Dear All I am new at writing codes and simple scripts . I have local blastp result file that has multiple hits fora single accession number. I have been able to separate a file with all acession numbers and the "Score" line using"grep" command. The file gave the results as expected . Now I want to clean it further. My file pattern is
>QAA79571.1 polyprotein [West Nile virus]
Score = 1548 bits (4007), Expect = 0.0, Method: Compositional matrix adjust.
>QAA79502.1 polyprotein [West Nile virus]
Score = 1540 bits (3988), Expect = 0.0, Method: Compositional matrix adjust.
Score = 198 bits (504), Expect = 4e-52, Method: Compositional matrix adjust.
>QAA79547.1 polyprotein [West Nile virus]
Score = 1539 bits (3985), Expect = 0.0, Method: Compositional matrix adjust.
Score = 199 bits (505), Expect = 3e-52, Method: Compositional matrix adjust.
>QAA79538.1 polyprotein [West Nile virus]
Score = 1529 bits (3958), Expect = 0.0, Method: Compositional matrix adjust.
>QAA79567.1 polyprotein, partial [West Nile virus]
Score = 1499 bits (3882), Expect = 0.0, Method: Compositional matrix adjust.
I would like to only select the results that have multiple "Score" line with the accession number Output:
>QAA79502.1 polyprotein [West Nile virus]

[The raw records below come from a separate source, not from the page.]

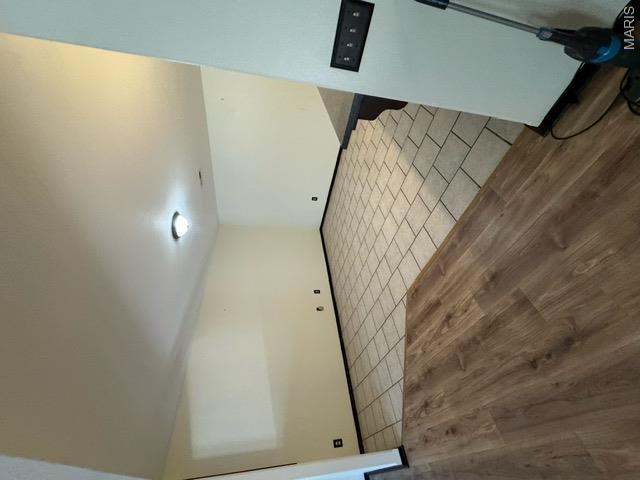 Northern Heights Estates - Residential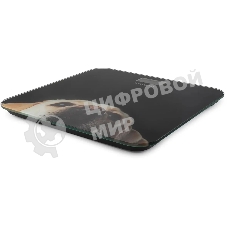 Весы напольные электронные Hyundai H-BS03674 макс.180кг черный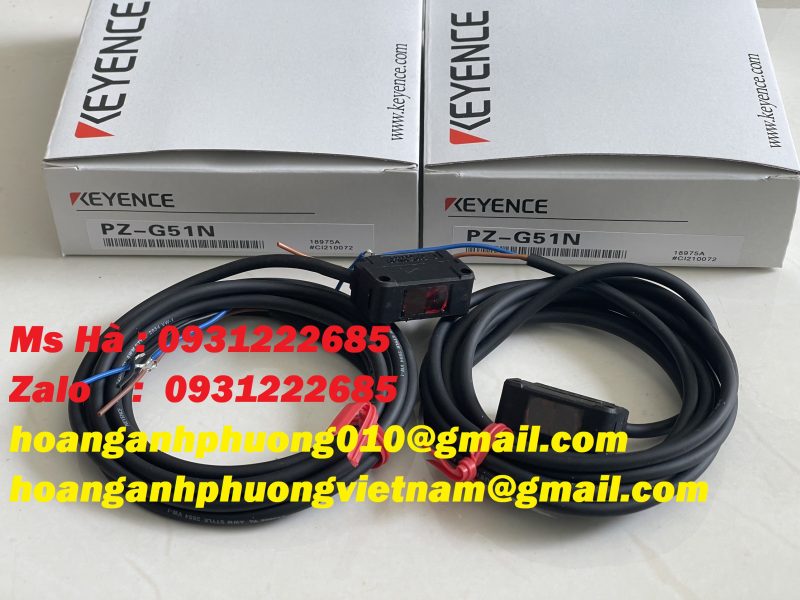 cam-bien-thu-phat-doc-lap-pz-g51n-keyence-ban-toan-quoc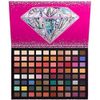 DIAMONDS&ICE 80 pan artistry palette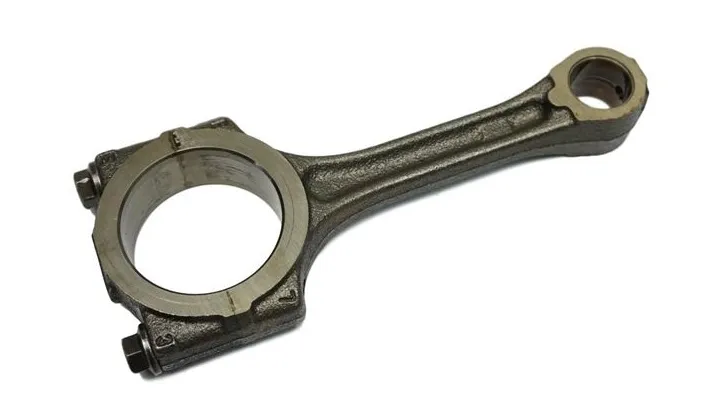 PİSTON KOLU RENAULT CLIO-KANGO 1.2 16V D4F D7F  7701469247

Score = 1540 bits (3988), Expect = 0.0, Method: Compositional matrix adjust.
Score = 198 bits (504), Expect = 4e-52, Method: Compositional matrix adjust.
>QAA79547.1 polyprotein [West Nile virus]
Score = 1539 bits (3985), Expect = 0.0, Method: Compositional matrix adjust.
Score = 199 bits (505), Expect = 3e-52, Method: Compositional matrix adjust.
I tried some solutions with awk and grep but am not getting the correct script for it. If the question has been asked before, please direct me to it. If not please guide me on what solution can be be. I am alos tying to learn R but since I have just newly started with scripting, it takes me a while to learn.. Thank you so much Regards
I see that you are using default alignment output of blast. You might consider (re)running blast with the tabular output (outfmt 6 or 7 option ), that one is much easier to parse and looking at what you want to get it should also contain all the info you're looking for.